Software has a problem.
OK, it has many problems. I’ve already highlighted one of them. But this is another important one.
The problem is that software—all software, with no exceptions—sucks. The reason for this is multifaceted and we could spend years and years arguing about who has the larger list of reasons, but in the end it boils down to the proverbial shoemaker’s children: Our development tools are the worst of the worst in software.
Computers are made up entirely out of CMOS transistors, which are all basically identical. It’s just in their organization and structure that they become interesting. Similarly, it’s alright for coding to be made up of simple characters, it can still have structure.
And another missed point.
Digital computers are made up of switches. (Not necessarily transistors, and those that are are not necessarily CMOS.) But nobody programs them as a pile of switches because that’s an insanely stupid level of abstraction to view problem domains through.

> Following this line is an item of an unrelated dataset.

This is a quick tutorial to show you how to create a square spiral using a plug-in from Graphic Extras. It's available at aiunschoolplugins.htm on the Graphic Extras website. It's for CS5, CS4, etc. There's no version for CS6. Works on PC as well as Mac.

In the very, very, very early days of computers perhaps this was done, but that rapidly grew unwieldy and we developed ever more and better ways of organizing things so we could focus on problem domains instead of the minutiae of which switch was pointed which way. Sure enough, underneath all that there were still a myriad myriad of switches flipping on and off, but not a single programmer knows which switch is pointing which way beyond the grossest of levels (like GPIO pins).
Our problem domains have ballooned in complexity from the early days of programming languages, but our programming languages have not kept pace. We are spending more time on minutiae of testing, branching, and looping than we are on problem domains in our code, and complicated relationships in particular are difficult to model without extensive, error-prone effort in single-dimensional lines folded up into bizarre structures of tests and branches.
(This is, incidentally, something that was an active area of research in the 1970s. Computing power and computing complexity has risen exponentially since then.)
As programmers we are doing the equivalent of using a screwdriver as a chisel while building a house. (And, worse, using that screwdriver as the only tool for the whole project.) It’s not a wonder that our work is slipshod and filled with error.
Abstractions are important, but we don’t need to reinvent computing to support them…modern programming languages allow basically limitless amounts of abstraction. Have you ever used a high level library like PyTorch? You can define a very powerful neural network in less than 100 lines of code. You get to focus entirely on the architecture of the network (number and types of layers), and it handles everything beneath the surface: Calculating gradients, iteratively updating weights, etc. Even if you choose to define your own custom layers, PyTorch can automatically calculate the gradients of arbitrarily complex functions you compose yourself. Python (and many other langs) are extremely flexible.
Human language is “1D” by your definition, but you can still use it to talk about very high level ideas.